Tuesday 29 September 2020

Hi Everyone,

I’d like to give you a glimpse into Guitar Repair World from a personal perspective.

Today I lost one of my favourite customers. He died after a long illness.

He was pedantic to the point of obsessiveness about string-spacing at the nut, to the point that he bought a Stewmac Spacing-gauge so that we could talk on equal terms!

During the fifteen years that I knew him he must have bought at least thirty guitars, and brought them all into me to make new bone nuts according to his own specifications. Sometimes he’d come back the next day and ask me to cut a new nut with 0.020” difference between E strings.

He had a collection of various 000-size guitars (Martin, Larrivee, Mills, Fylde, Eastman etc.) that he was forever getting me to tweak and modify. Eventually I realised that he was hoping that I could somehow morph them all into one single guitar, presumably the guitar of his desires...

He was in my shop at least once a week, always with some almost, but also perhaps not quite, sensible idea about modification or about a possible new guitar that he sought my opinion on.

He was what almost every other business on Planet Earth would describe as a "pain in the proverbial", and would send the staff scattering to the tea room!

It was mainly a dialog thing - he spoke in riddles and aphorisms whilst I tried to converse in elementary physics, so there was always going to be some essential disjoint there. But we somehow, always seemed to reach some kind of understanding.

He was hard work, but good work!
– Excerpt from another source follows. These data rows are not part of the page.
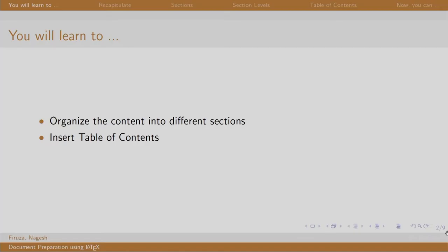Welcome back to the session on LaTeX. In this session, we will learn to organize our content into different sections, subsections, paragraphs, et cetera. Finally, we will learn to create our table of contents.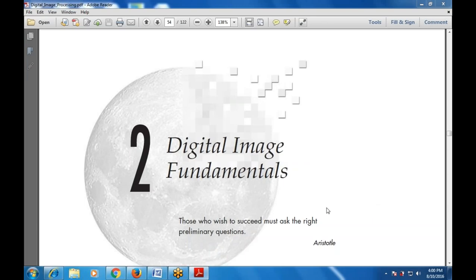Good morning everyone. Today I'm going to continue with the same chapter, that is chapter number two, that we started in the last class — Digital Image Fundamentals — covering the various basic operations and basic concepts behind the digital image.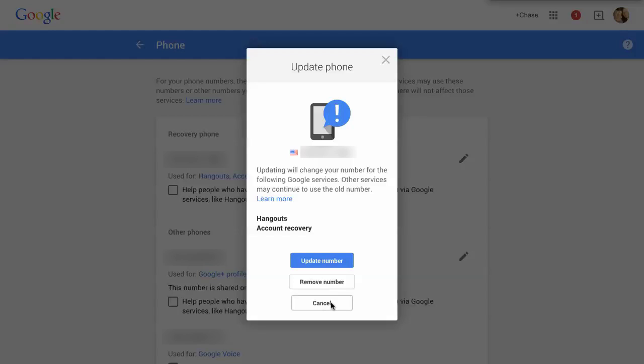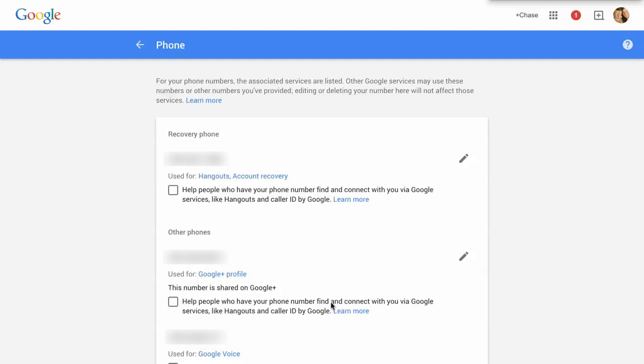That's really the only way to update your phone or change your phone number in Google's two-step verification. So hopefully this helped. If you have any further questions, type the question you have in the comments below.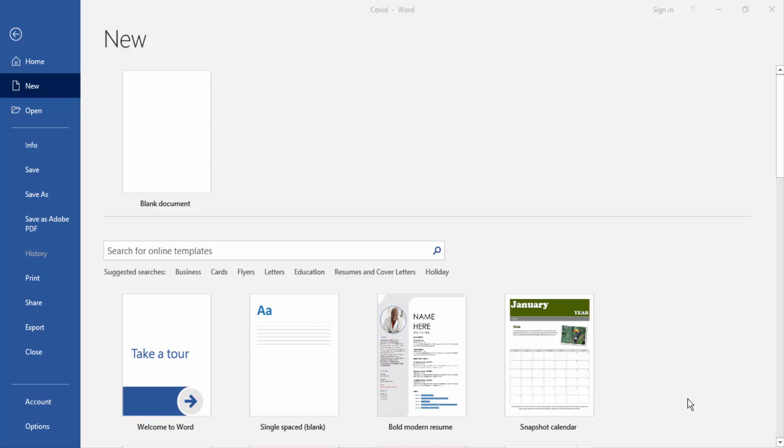Assalamualaikum, hello friends, how are you? Welcome back to my new video. Today I am going to show you how to create horizontal bullet points in Microsoft Word. Let's get started.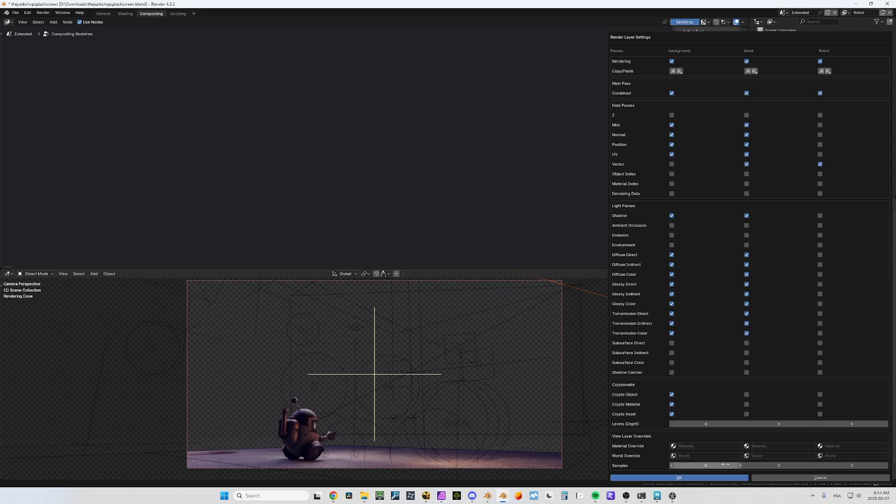So everything is available here. At this point, if you wanted to render this as a multi-layer EXR you would get a huge file with all the render layers and all the output passes. And if you want to re-render one render layer you would have to re-render the entire thing — so that doesn't make sense.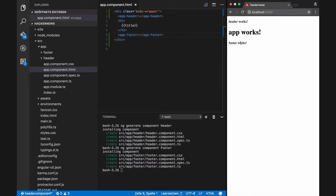After that we will see that our two new components can be rendered correctly, but of course without styling.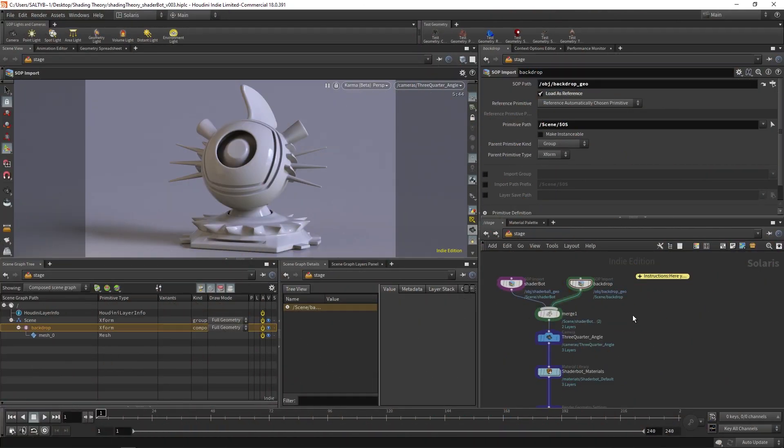Welcome to Shading Theory. This course is designed to be both practical and informative. We'll start off by observing the ways in which light affects objects in the real world, and then I'll show you how to take this theoretical knowledge and use it to improve your speed, quality, and confidence as a 3D artist.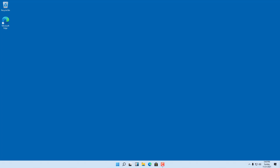Windows 11 is an operating system by Microsoft and is very widely used. Once you log in using your Microsoft user ID, this is where you get to — the desktop of Microsoft Windows.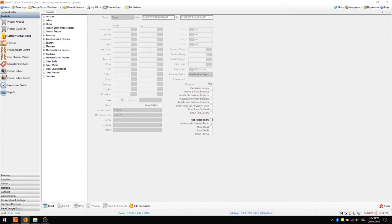Hi, I'm back here again in SwiftPos BackOffice. In this video I'm going to go over some of the more common reports that SwiftPos users might like to run, and in particular the reports which are going to be most useful to new users of the software.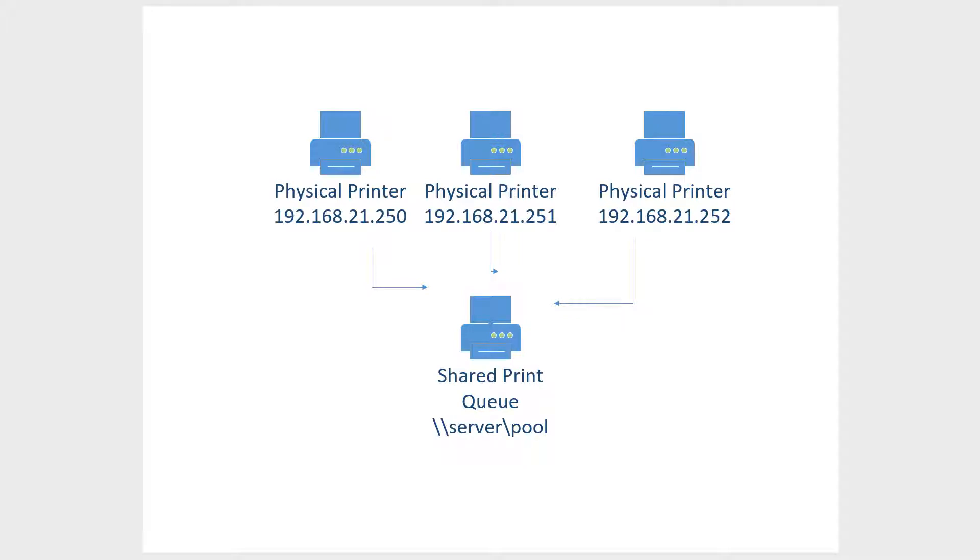We're going to set up print pooling in a 2019 Windows server. This also works in 2016 and 2012, as well as older servers, but the procedure is a little different.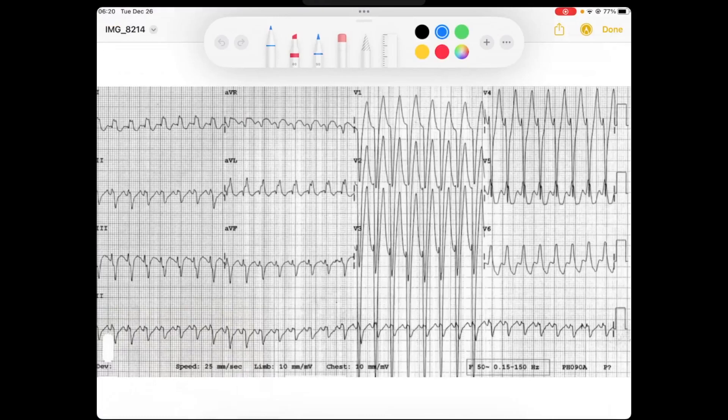Alrighty, hey everybody, this is Reid again with our EKG review of the day. If you enjoy these videos, please feel free to give a comment or a like, and subscribe to the channel so that we continue to make these videos. Let's get going.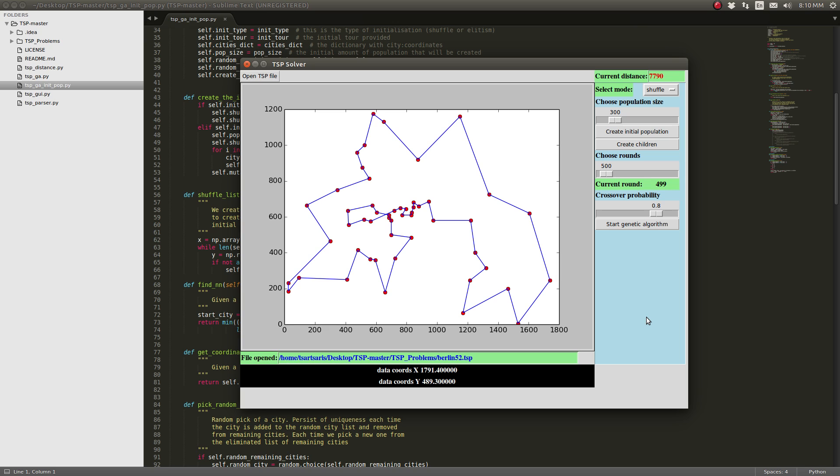And that's all. You can find the source code at the bottom of the video. Thanks for watching.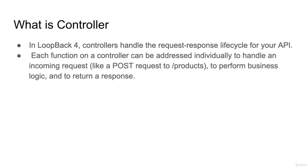Yes, each function on a controller can be addressed individually to handle an incoming request like POST request. You can write some business logic inside your handler function and you can return response. If request has successfully executed, then you can return 200 response.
At some point in the weird dialog would find common ground! And, importantly, after I did what we agreed on, he would then enjoy playing his guitar.

Very eccentric, individual to the extreme, but he always laughed when I pointed out any possible folly that his ponderings had uncovered.

This is an obituary of sorts.

I miss him already.

Farewell my crazy friend.

EWAN JAMES R.I.P

 

 

Wednesday 16 September 2020

 Hi Everyone,

ok, my shop is back "open" again after two weeks "closed" catching up on the backlog of repairs.

I caught up a lot in the last two weeks, but I've still got a way to go before I'm back up-to-date. I'm going to have to either slow down on new bookings, or advise a longer time-frame until completion for the next month or two.

I'm not going to compromise and try to rush through the work- this has never been my way. I will work through the jobs as methodically as I always have.

As always, if you need a repair to be completed by a particular date, for a gig or an exam or similar, then I will jump your guitar up the queue past the ones that I've been given an open time-frame for.

I'll try to call you regarding completed repairs, but I tend to do this in a batch at the end of the week. So if you haven't heard from me, and you're thinking about your guitar, please give me a call or send me an email.

It's an unprecedented time.

I think I've also figured out how to update my website's "Shop" page, thanks to instructions from my dear ex-website lady. So, with luck, in a day or two you  should be able to see my shop's inventory of very nice and interesting guitars for sale!

Keep well out there, be sensible and cautious, and keep on playing!

Andrew





Tuesday 1 September 2020

Hi Everyone,

following up on my last post - I'm so busy that in fairness to those folk who already have an instrument booked in for repair, my shop will be closed this week and next so that I can catch up.

It's this COVID thing. When it kicked off in March/April a lot of people brought repairs in to me - a lot of them biggish jobs that the owners had been putting off for years (such as gigging musicians finally getting around to that refret, given that they were no longer gigging). Some folk brought in three or four guitars, saying "won't be needing these for a while".
 
The government at the time was hinting at a six-month lockdown so I took on everything I could, figuring that I'd need the work. But then they instead gave us these semi-lockdown conditions, and indoor activities (such as guitar-playing) have boomed. I'm getting people who haven't played in years getting back into it, and guitars that haven't been out of the attic for decades coming in for refurbishment. The government stimulus money seems to be part of it - I'm sure they're paying for more than a few Martin and Gibson restorations!

I'm always busy, but this thing has sent it ballistic. I know a lot of folk have been adversely affected by COVID, and it certainly makes me feel a bit weird to be busier than ever because of it, but I've seen lots of people re-inventing (or re-discovering) themselves because of the limitations imposed. Lots of people getting back into playing guitar! So in some ways it's been a good thing, albeit in a strange way.

So thanks for your patience. I'll be back to "normal" in a week or two, but will still have to book most repairs in on a longer turn-around time than usual until I get back up to date.